Allí e aquí denotam proximidade de espaços, mas é justo esse entre-fronteiras que
separa o tempo do menino protagonista do tempo do narrador maduro, o “velho” que “finda”
o romance, a figura com a qual finda seu romance Tomás Rivera. E, em seu tempo, o menino
protagonista defronta as questões de pertencimento que envolvem sua gente num apanhado de
apreensões culturais ainda mexicanas. Ocorre que esse menino recuperado traz para a
surpreendente figura “presentificadora” do velho descoberto embaixo da casa a atualização de
seu passado infante de questionamento ao apego cultural de sua gente e sua família a
costumes cuja validade se vê posta em xeque em solo estadunidense, onde se mostram
exacerbadas problemáticas de alteridade, mesmo que aceita a sujeição das classes minoritárias
diante do controle exercido pela cultura anglo dominante, algo que impõe a esse sujeito
minoritário uma situação de constante, e incômoda para muitos (tal é o caso do menino e
outras jovens vozes evocadas), subalternidade.
Entretanto, há um desafio implícito no confrontamento de que fez parte o jovem
narrador, o jovem no narrador. E tal desafio diz respeito a buscar entender de que modo se dá
todo esse questionamento de espírito jovem. Veremos que ele se atém, primeiro, ao âmbito da
imagem, e uma possível relação com imaginários. Possível porque, antes, o menino
protagonista relativiza toda uma imaginária que trazem consigo os seus. Cabe, então, um
aprofundamento desse aspecto relativo à imagem.

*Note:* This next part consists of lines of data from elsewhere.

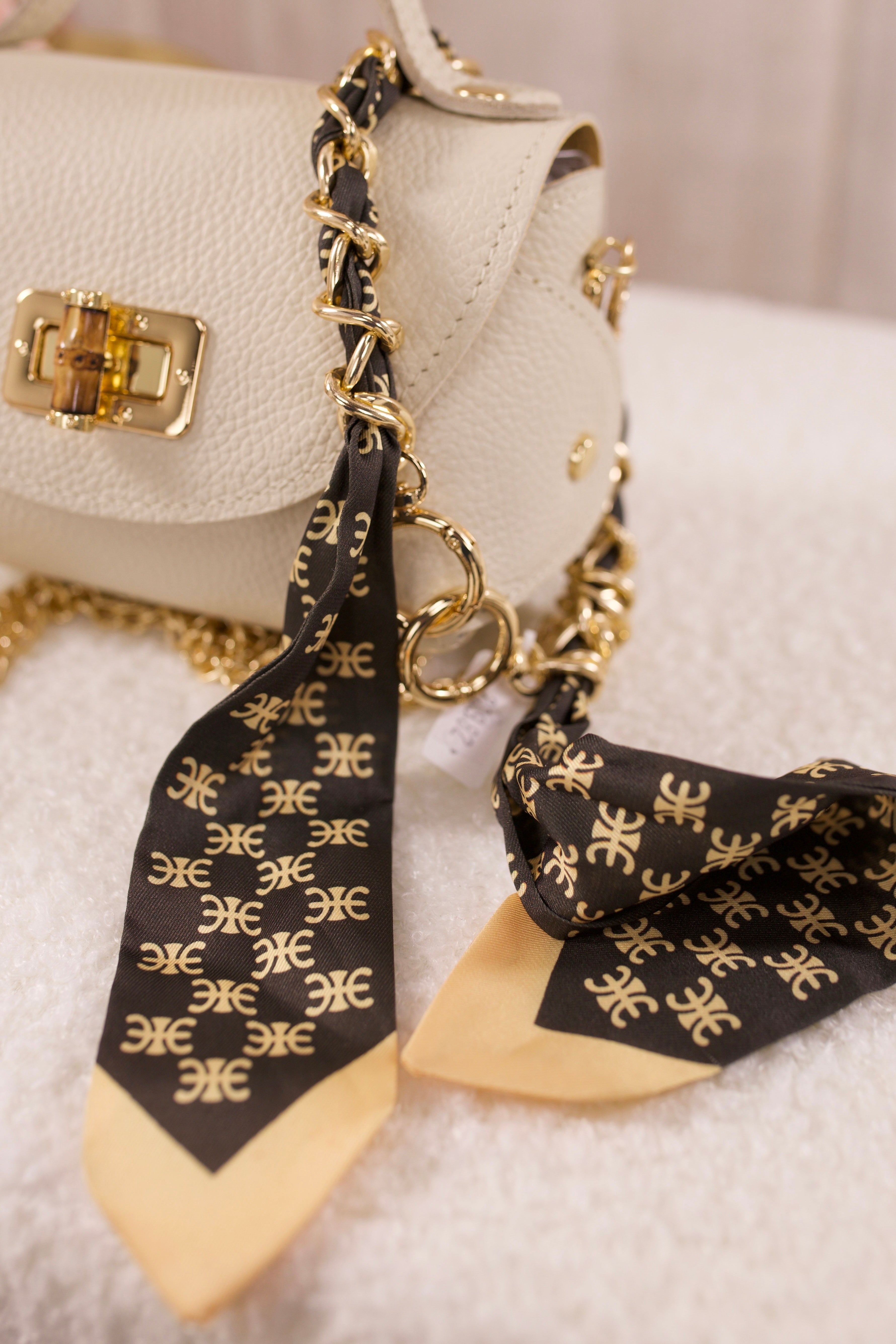 Handy-/Taschenanhänger, braun-gold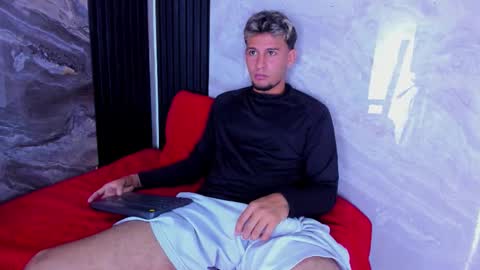 Snapshot of alann_smith_ chatting on October 20, 2025, 7:47 pm Alan Smith online show from October 20, 2025, 7:47 pm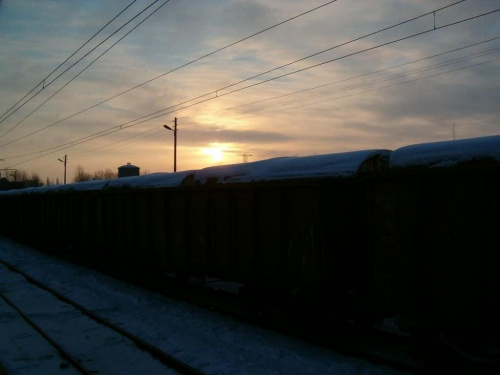 Wschód Słońca na stacji PKP w Tarnowie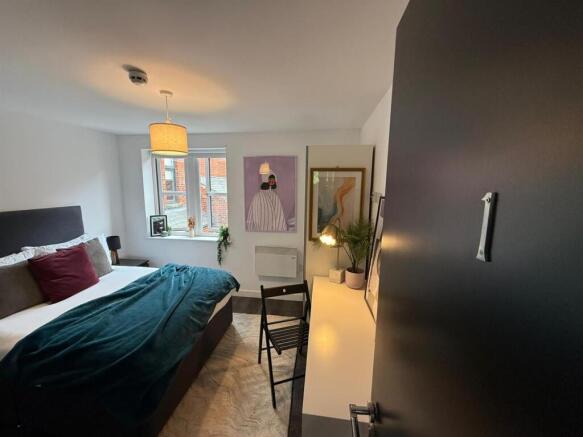 6 bed Apartment to rent Image 12
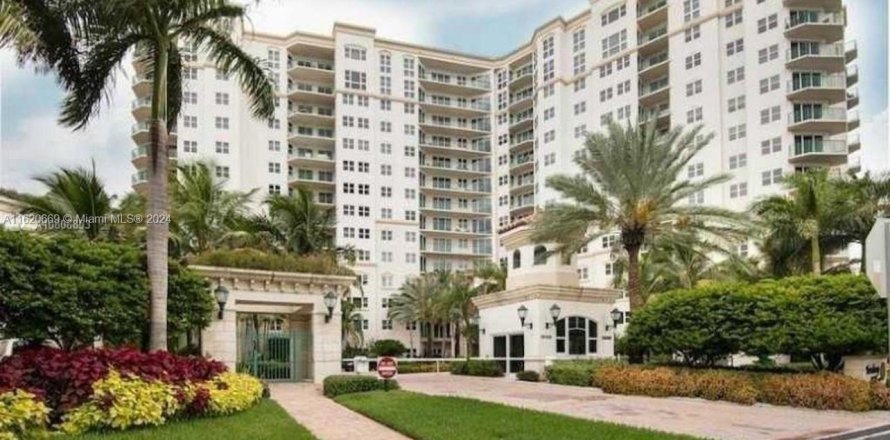 Condominio en Aventura, Florida, 2 dormitorios  № 1269698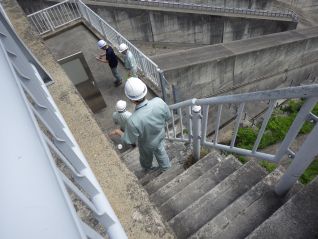 点検用通路の階段を降り、見学者の方と一緒にゲート下流側へ移動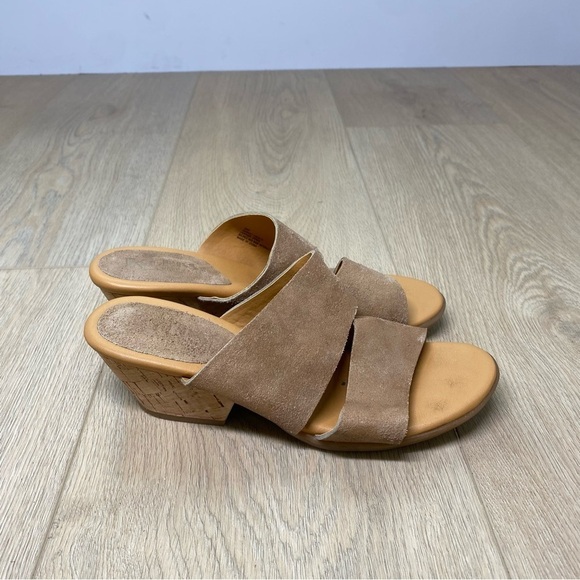 Kirk Ease Double Strap Gold Slip on Sandals - Picture 3 of 5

O termo “imaginária” aparece no desenvolvimento da obra O imaginário ([1994]
2011), do filósofo francês Gilbert Durand. Nesse ensaio sobre as ciências e a filosofia da
imagem, Durand lança mão do verbete “imaginária” (“imaginaire” em francês), não como
adjetivo, mas, sim, como substantivo, para referir-se/ou quando se refere a uma das vias da
resistência do imaginário ao iconoclasmo herdeiro do pensamento racionalista do Ocidente
desde Aristóteles (IV a.C.). As querelas a que se referem Durand tornam-se mais agudas,
principalmente, a partir da redescoberta dos textos aristotélicos (quase desaparecidos por
praticamente treze séculos) durante o século XII d.C. Desde então, a imagem se vê entre a
postura racionalista do pensamento, da experiência através do acesso aos fatos e entre a
Reforma Cristã Protestante, que abole em seus dogmas, suas doutrinas aquilo que tinha como
excessos imagéticos provenientes da idolatria abraçada e difundida pelo cristianismo católico.
E é a essa idolatria que Durand denomina, como parte da resistência do imaginário a um
profundo e amplo processo de iconoclasmo no Ocidente, de imaginária sacra.